The investor protection concerns are significant also because of the particular need to protect the group of customers affected here as it is at a structural disadvantage with regard to credit-linked products. Credit-linked notes are widespread in the retail client sector. A large number of clients are affected. BaFin's market survey showed that the products are being actively sold to retail clients as a matter of course, both by issuers and intermediaries. This clearly shows that the sales are often made to the client group that are typically less sophisticated and experienced (retail).
Market statistics published by the German Derivatives Association show a growing relevance: The importance of credit-linked notes for retail distribution has grown significantly in the recent past. According to the Association, the market volume of credit-linked notes has been growing continuously. Whereas the market volume at the beginning of 2015 was EUR 5,255,451,000 (market share of 7.4%), at the beginning of 2016 the market volume amounted to EUR 5,644,092,000 (market share of 9.3%). The market volume and market share grew continuously in the course of 2015, too. The market developments were also reflected in the opinions given by market participants asked as part of BaFin's survey – they confirmed the growing importance of credit-linked notes.

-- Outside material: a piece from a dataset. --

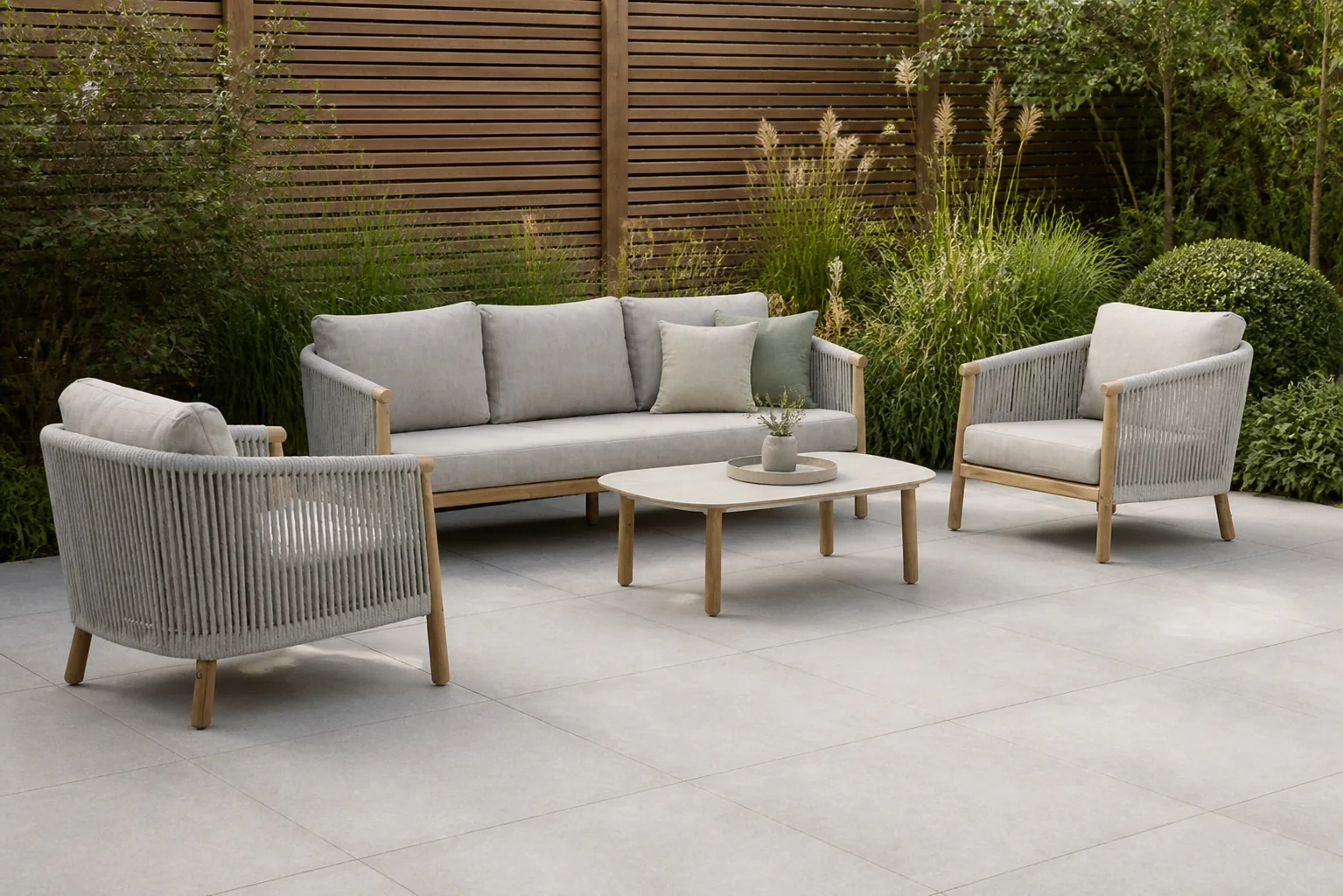 Sfeerfoto van Lifestyle Garden Furniture Bloom stoel-bank loungeset 4-delig – Grijs-antraciet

c) Particular appropriateness and proportionality within the meaning of section 4b (2) nos 2 and 3 of the WpHG:
With this General Administrative Act, BaFin is counteracting the described risks. The measure complies with the requirement set out in section 4 (2) no. 2 of the WpHG: Ordering the ban on marketing, distribution and sale prevents the risks inherent to investment in credit-linked notes from materialising.
The measure is also particularly proportionate within the meaning of section 4b (2) no. 3 of the WpHG. The proportionality arises from the risks identified, the level of expertise of the investors or market participants involved and the likely consequences for the investors or market participants. The ban is an appropriate measure to ensure effective protection of retail clients. Compared with professional market participants, retail clients cannot to the same extent hedge or absorb losses that may arise from, for instance, investments in credit-linked notes. Also, they typically have less expertise and restricted access to relevant information that is necessary to adequately assess credit-linked notes and their risks. Upon realistic assessment, retail clients are at a structural disadvantage as compared with professional market participants in the area of credit-linked notes, in particular in terms of risk-bearing capacity and expertise.
The measure is also proportionate with regard to the likely ramifications. This General Administrative Act only applies to sales to retail clients. Professional clients shall remain unaffected. Even if credit-linked notes were to disappear completely, retail clients would have enough investment alternatives which are better suited to accommodate the knowledge and experience of average retail clients.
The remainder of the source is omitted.